Wolves find a home in Yellowstone

Wolves find a home in Yellowstone

By Dan Vergano
USA Today

The death last month of two wolf sisters, the last
of the Canadian wolves transplanted to Yellowstone National Park
eight years ago, closed an era in the successful, and contentious,
effort to re-establish wolves there, biologists say.

The pair were released in the 2,219,791-acre park,
which spans parts of Wyoming, Idaho and Montana, in 1995-96, joining 29 other wolves in an effort to reintroduce a predator
wiped out in the 1930s. More than 300 wolves live in and around the
park today.

“Now none of the original ones are left,” says
Yellowstone Wolf Project chief Doug Smith of the National Park
Service. “And how these ones died is indicative how wolves are
typically killed — by other wolves and by people.”

One sister, dubbed 42F but known as “Cinderella,”
was killed Feb. 2 by a rival wolf pack. Her sister, 41F, died 10
days later, ill with mange and limping from an injured leg. Game
officials shot her after she killed a newborn calf.

Cinderella earned her nickname four years ago after
helping to kill a third sister, 40F, after suffering years of
domination.

But rather than indicating disaster, the deaths
point to success in the program to bring wolves back to
Yellowstone, Smith says.

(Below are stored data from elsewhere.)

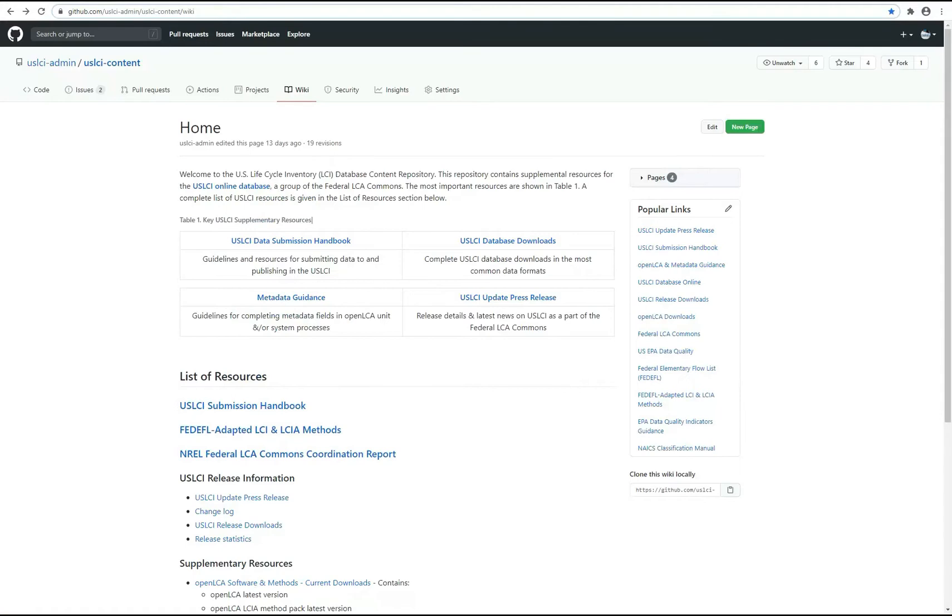To facilitate transparency in public LCI data, the new standard for publishing on the Commons is to complete 100% of LCI metadata.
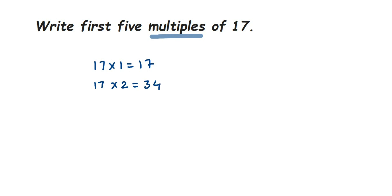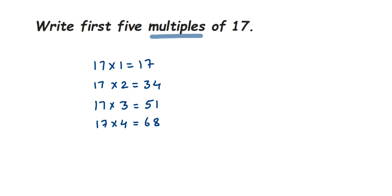Now 17 × 3 = 51. 17 × 4 = 68. Then the last one is 17 × 5 = 85. So therefore the first 5 multiples will be, let me conclude the answer here.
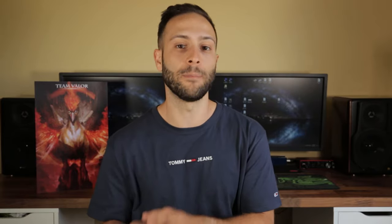Brokerage fees for Australian shares — if you settle via your CDIA account, which is the account you set up through ComSec when you plan to invest — work as follows. A CDIA account is essentially where you put your money to then go and purchase shares, similar to how you'd put money onto a crypto exchange. The brokerage fee is $10 for transactions up to and including $1,000; $19.95 for transactions over $1,000 up to $10,000; $29.95 for transactions over $10,000 up to $25,000; and 0.12% for transactions over $25,000.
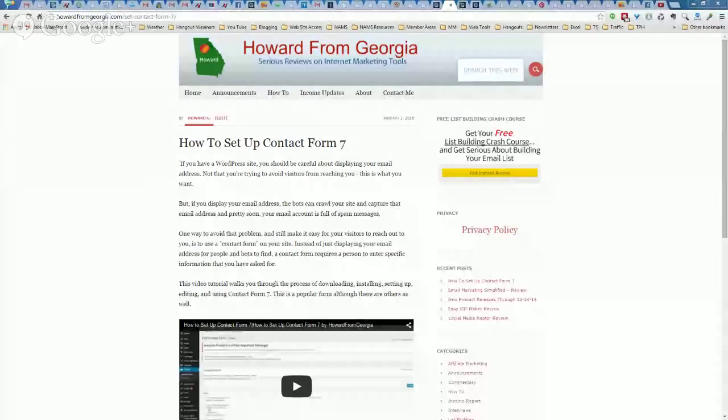Hey everybody, this is Howard at howardfromgeorgia.com. Hope you're doing well today. This is not a product review — this video is actually a tutorial. Earlier today I published a post on the website at howardfromgeorgia.com in the how-to section. I'll share my screen with you — I'm going to swap screens so it may go blank for just a moment. This deals with email addresses being displayed on your website and also the use of a contact form.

Wolves there are expanding their domains
and getting into fights with greater frequency as things get
crowded.

“It’s all about politics with wolves now; it’s not
biology,” says longtime wolf watcher Ralph Maughan of Pocatello,
Idaho. As territories shift in the park, deaths such as 42F’s are
“like something out of Shakespeare,” Maughan says.

Like Macbeth without his Lady, 42F’s partner, the
park-born male wolf dubbed 21M, is left to hold together his Druid
Peak wolf pack against other packs. Female and male alpha wolves,
such as 42F and 21M, typically dominate their pack, acting as the
sole breeding pair and leading the others on hunts. “The female
alpha is usually the glue that holds the pack together,” Maughan
says.

After spending several days howling for his mate,
21M picked a new alpha female. So far the pack is holding together,
Smith says.

The death of 41F death illustrates a source of
contention in human politics over wolves. Wolves kill livestock —
less often than was first predicted a decade ago, says Smith — but
some ranchers say they aren’t fairly compensated for such losses.

In January, the U.S. Fish and Wildlife Service
announced plans to “delist” the wolf from endangered to
“threatened” status in Western states, citing the existence of more
than 600 wolves total in Wyoming, Idaho and Montana. The move would
allow ranchers to kill wolves caught preying on livestock without calling in federal officials.